Politics & Government

As feds probe Miami's finances, city's budget director fired

MIAMI — Miami Budget Director Michael Boudreaux was fired Monday, blamed for a series of questionable multimillion-dollar transfers that helped prop up the city budget but are now central to a federal investigation into the city's financial mess.

Boudreaux, who gained his administrative post in 2005 and earned a salary of just under $200,000, was called to City Manager Carlos Migoya's office first thing Monday morning and told the news.

The manager has also put a halt to capital projects using general fund money and ordered Miami to stop procurement for three months as the financially strapped city scrambles to steady its financial grip.

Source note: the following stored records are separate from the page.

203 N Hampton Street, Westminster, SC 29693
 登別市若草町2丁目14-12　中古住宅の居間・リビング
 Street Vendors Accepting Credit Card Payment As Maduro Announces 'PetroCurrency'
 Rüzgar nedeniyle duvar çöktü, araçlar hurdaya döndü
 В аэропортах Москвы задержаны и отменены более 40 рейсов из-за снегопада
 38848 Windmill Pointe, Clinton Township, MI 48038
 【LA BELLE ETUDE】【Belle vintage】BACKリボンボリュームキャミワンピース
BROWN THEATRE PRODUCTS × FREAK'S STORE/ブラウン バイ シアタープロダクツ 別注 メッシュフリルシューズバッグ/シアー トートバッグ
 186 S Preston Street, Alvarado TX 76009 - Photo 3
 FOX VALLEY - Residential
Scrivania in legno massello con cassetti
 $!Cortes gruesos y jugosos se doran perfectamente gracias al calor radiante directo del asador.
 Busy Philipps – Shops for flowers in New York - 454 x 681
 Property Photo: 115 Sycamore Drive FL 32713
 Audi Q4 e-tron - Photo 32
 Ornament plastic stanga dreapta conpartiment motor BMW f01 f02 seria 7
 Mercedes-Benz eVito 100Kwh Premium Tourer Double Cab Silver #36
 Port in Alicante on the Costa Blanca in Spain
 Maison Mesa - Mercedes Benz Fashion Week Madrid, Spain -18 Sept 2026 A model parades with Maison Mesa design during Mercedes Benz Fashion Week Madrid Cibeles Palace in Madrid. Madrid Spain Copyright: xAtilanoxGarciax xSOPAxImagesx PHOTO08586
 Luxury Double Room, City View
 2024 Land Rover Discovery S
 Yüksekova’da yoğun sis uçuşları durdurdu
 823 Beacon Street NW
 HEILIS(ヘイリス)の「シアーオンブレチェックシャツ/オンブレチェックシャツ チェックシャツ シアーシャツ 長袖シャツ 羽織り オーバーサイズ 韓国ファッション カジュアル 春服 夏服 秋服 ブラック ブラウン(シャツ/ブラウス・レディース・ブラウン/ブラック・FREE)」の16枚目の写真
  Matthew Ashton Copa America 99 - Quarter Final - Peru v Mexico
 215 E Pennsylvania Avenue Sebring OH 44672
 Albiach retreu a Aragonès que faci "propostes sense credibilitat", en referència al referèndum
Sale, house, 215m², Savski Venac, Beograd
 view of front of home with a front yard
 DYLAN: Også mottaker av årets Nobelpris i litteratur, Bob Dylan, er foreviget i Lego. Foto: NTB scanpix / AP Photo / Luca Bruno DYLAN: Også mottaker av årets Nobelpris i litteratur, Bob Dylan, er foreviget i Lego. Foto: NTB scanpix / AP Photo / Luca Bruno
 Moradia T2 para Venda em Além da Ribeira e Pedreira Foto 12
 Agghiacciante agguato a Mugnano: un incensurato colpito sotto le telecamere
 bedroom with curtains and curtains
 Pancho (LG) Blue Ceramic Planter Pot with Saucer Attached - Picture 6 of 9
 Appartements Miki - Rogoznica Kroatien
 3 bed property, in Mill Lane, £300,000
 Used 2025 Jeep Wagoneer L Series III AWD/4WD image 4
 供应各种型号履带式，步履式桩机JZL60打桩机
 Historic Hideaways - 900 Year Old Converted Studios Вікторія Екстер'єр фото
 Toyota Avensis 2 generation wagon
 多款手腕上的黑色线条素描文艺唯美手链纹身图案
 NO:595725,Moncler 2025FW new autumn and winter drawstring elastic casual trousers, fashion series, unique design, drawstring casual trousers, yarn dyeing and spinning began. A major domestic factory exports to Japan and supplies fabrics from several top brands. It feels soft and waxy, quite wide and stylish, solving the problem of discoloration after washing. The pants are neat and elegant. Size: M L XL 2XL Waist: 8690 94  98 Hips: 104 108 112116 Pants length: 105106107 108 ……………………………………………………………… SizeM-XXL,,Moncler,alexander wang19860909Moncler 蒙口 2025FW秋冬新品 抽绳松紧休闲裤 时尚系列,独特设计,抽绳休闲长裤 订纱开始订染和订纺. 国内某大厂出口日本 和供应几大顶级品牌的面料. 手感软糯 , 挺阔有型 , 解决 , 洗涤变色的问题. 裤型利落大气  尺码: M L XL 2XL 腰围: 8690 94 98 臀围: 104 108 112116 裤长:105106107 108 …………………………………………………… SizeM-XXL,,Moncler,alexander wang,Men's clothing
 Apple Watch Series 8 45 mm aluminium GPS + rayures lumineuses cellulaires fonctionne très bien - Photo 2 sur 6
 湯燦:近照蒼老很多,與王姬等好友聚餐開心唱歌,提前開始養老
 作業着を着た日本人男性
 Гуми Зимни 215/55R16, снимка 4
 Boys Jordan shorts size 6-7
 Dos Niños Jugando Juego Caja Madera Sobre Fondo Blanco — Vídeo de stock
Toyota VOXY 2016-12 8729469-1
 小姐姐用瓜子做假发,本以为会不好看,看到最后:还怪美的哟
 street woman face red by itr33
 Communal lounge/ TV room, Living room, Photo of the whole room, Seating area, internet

Migoya, brought in by Mayor Tomás Regalado two weeks ago to shore up the city's finances and deal with a widening federal probe, said he dismissed Boudreaux after studying a series of money transfers used to balance the city's books in 2007 and 2008.

Looking to balance the budget in 2007 and 2008, Boudreaux said he had found $26.4 million in unused general fund money in capital accounts from long dead or finished projects. He then shifted that money back to the general fund. Yet Migoya said Boudreaux's actions effectively halted projects that remained ongoing. Plus, he said, ``the people in Capital Improvements were not told to stop spending money against it.''

Boudreaux's attorney, Michael Pizzi, called his client ``a convenient scapegoat'' who won't rest until his name is cleared.

"They're trying to make Mike a scapegoat for decisions that were not his, decisions that were made by other people who were fully briefed, including elected officials,'' said Pizzi, who said he is weighing legal action.

Chief Financial Officer Larry Spring, Finance Director Diana Gomez and former City Manager Pete Hernandez were aware of the moves and signed off on them. Commissioners eventually voted to approve the $26.4 million in transfers, yet some say they were in the dark over the true source of some of that money.